- **Problem requirements**
Nothing but the records, copied exactly and stripped of pictures, should be in the answer.

- **Crawled caption data**
= = = = = = =
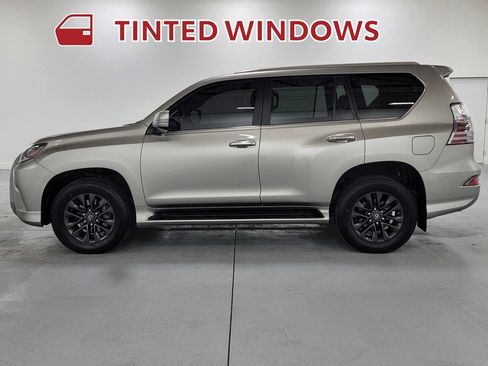 Used 2023 Lexus GX 460 Premium w/ Premium Package image 6
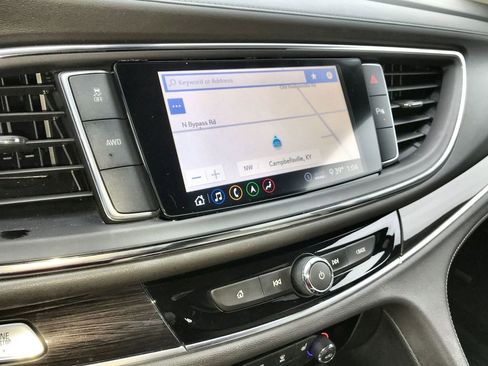 Used 2021 Buick Enclave Essence w/ Sound and Sites Package image 16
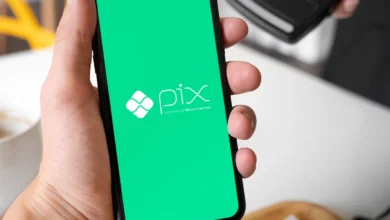 Imagem ilustrativa do Pix, com logo e fundo verde, representando o adiamento do lançamento do Pix Parcelado após fraudes bancárias.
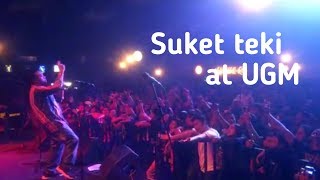 Antusiasnya kempoters UGM (suket teki)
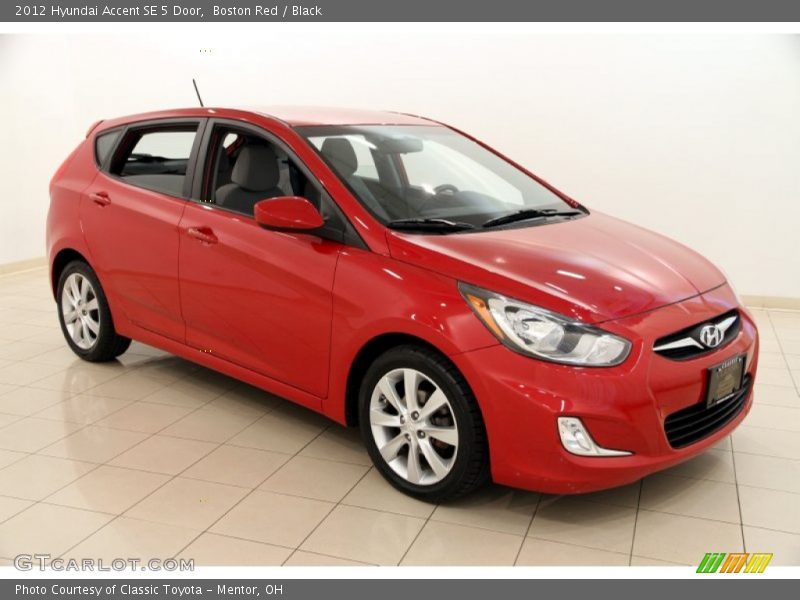 Boston Red / Black 2012 Hyundai Accent SE 5 Door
= = = = = = =
- **Task result**
 Used 2023 Lexus GX 460 Premium w/ Premium Package image 6
 Used 2021 Buick Enclave Essence w/ Sound and Sites Package image 16
 Imagem ilustrativa do Pix, com logo e fundo verde, representando o adiamento do lançamento do Pix Parcelado após fraudes bancárias.
 Antusiasnya kempoters UGM (suket teki)
 Boston Red / Black 2012 Hyundai Accent SE 5 Door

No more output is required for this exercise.